§ **Activity**:
Print out the entire listing verbatim.

§ **Records for the task**:
▼

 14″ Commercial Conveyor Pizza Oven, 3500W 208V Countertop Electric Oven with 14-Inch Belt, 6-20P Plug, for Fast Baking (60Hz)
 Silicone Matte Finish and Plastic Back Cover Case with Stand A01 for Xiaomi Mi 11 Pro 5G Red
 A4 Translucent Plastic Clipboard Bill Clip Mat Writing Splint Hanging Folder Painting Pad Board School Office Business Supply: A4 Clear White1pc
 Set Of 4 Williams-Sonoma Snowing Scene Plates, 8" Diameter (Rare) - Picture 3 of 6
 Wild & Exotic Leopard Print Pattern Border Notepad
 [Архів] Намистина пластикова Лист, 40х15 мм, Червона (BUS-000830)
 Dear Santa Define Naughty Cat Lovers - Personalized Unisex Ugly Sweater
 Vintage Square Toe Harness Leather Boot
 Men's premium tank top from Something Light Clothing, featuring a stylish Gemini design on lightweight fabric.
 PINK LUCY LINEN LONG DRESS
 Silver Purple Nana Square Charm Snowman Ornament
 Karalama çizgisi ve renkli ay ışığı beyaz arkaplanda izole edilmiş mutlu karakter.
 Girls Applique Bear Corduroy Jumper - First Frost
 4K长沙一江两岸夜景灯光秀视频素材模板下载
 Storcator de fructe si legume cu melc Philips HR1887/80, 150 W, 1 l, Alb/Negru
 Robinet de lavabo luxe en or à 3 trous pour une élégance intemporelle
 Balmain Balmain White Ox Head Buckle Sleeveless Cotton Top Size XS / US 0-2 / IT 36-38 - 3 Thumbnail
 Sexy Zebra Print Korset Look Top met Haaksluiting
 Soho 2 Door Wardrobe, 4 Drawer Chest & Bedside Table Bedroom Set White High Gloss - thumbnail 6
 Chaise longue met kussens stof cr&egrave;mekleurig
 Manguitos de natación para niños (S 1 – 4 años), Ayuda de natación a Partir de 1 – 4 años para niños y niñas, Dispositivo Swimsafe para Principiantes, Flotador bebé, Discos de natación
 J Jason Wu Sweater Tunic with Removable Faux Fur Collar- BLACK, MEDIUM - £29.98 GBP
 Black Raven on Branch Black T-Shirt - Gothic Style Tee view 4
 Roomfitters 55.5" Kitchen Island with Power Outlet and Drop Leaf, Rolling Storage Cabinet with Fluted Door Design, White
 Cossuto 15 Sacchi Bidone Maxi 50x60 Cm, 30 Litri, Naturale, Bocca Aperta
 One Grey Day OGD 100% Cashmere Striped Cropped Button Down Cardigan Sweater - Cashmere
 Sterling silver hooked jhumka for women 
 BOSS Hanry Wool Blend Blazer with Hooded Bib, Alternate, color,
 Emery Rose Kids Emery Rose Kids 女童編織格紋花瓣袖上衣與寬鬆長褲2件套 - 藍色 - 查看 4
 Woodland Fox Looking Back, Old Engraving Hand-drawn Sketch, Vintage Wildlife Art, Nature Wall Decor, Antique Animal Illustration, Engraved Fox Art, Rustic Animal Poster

▲

§ **Expected answer**:
 14″ Commercial Conveyor Pizza Oven, 3500W 208V Countertop Electric Oven with 14-Inch Belt, 6-20P Plug, for Fast Baking (60Hz)
 Silicone Matte Finish and Plastic Back Cover Case with Stand A01 for Xiaomi Mi 11 Pro 5G Red
 A4 Translucent Plastic Clipboard Bill Clip Mat Writing Splint Hanging Folder Painting Pad Board School Office Business Supply: A4 Clear White1pc
 Set Of 4 Williams-Sonoma Snowing Scene Plates, 8" Diameter (Rare) - Picture 3 of 6
 Wild & Exotic Leopard Print Pattern Border Notepad
 [Архів] Намистина пластикова Лист, 40х15 мм, Червона (BUS-000830)
 Dear Santa Define Naughty Cat Lovers - Personalized Unisex Ugly Sweater
 Vintage Square Toe Harness Leather Boot
 Men's premium tank top from Something Light Clothing, featuring a stylish Gemini design on lightweight fabric.
 PINK LUCY LINEN LONG DRESS
 Silver Purple Nana Square Charm Snowman Ornament
 Karalama çizgisi ve renkli ay ışığı beyaz arkaplanda izole edilmiş mutlu karakter.
 Girls Applique Bear Corduroy Jumper - First Frost
 4K长沙一江两岸夜景灯光秀视频素材模板下载
 Storcator de fructe si legume cu melc Philips HR1887/80, 150 W, 1 l, Alb/Negru
 Robinet de lavabo luxe en or à 3 trous pour une élégance intemporelle
 Balmain Balmain White Ox Head Buckle Sleeveless Cotton Top Size XS / US 0-2 / IT 36-38 - 3 Thumbnail
 Sexy Zebra Print Korset Look Top met Haaksluiting
 Soho 2 Door Wardrobe, 4 Drawer Chest & Bedside Table Bedroom Set White High Gloss - thumbnail 6
 Chaise longue met kussens stof cr&egrave;mekleurig
 Manguitos de natación para niños (S 1 – 4 años), Ayuda de natación a Partir de 1 – 4 años para niños y niñas, Dispositivo Swimsafe para Principiantes, Flotador bebé, Discos de natación
 J Jason Wu Sweater Tunic with Removable Faux Fur Collar- BLACK, MEDIUM - £29.98 GBP
 Black Raven on Branch Black T-Shirt - Gothic Style Tee view 4
 Roomfitters 55.5" Kitchen Island with Power Outlet and Drop Leaf, Rolling Storage Cabinet with Fluted Door Design, White
 Cossuto 15 Sacchi Bidone Maxi 50x60 Cm, 30 Litri, Naturale, Bocca Aperta
 One Grey Day OGD 100% Cashmere Striped Cropped Button Down Cardigan Sweater - Cashmere
 Sterling silver hooked jhumka for women 
 BOSS Hanry Wool Blend Blazer with Hooded Bib, Alternate, color,
 Emery Rose Kids Emery Rose Kids 女童編織格紋花瓣袖上衣與寬鬆長褲2件套 - 藍色 - 查看 4
 Woodland Fox Looking Back, Old Engraving Hand-drawn Sketch, Vintage Wildlife Art, Nature Wall Decor, Antique Animal Illustration, Engraved Fox Art, Rustic Animal Poster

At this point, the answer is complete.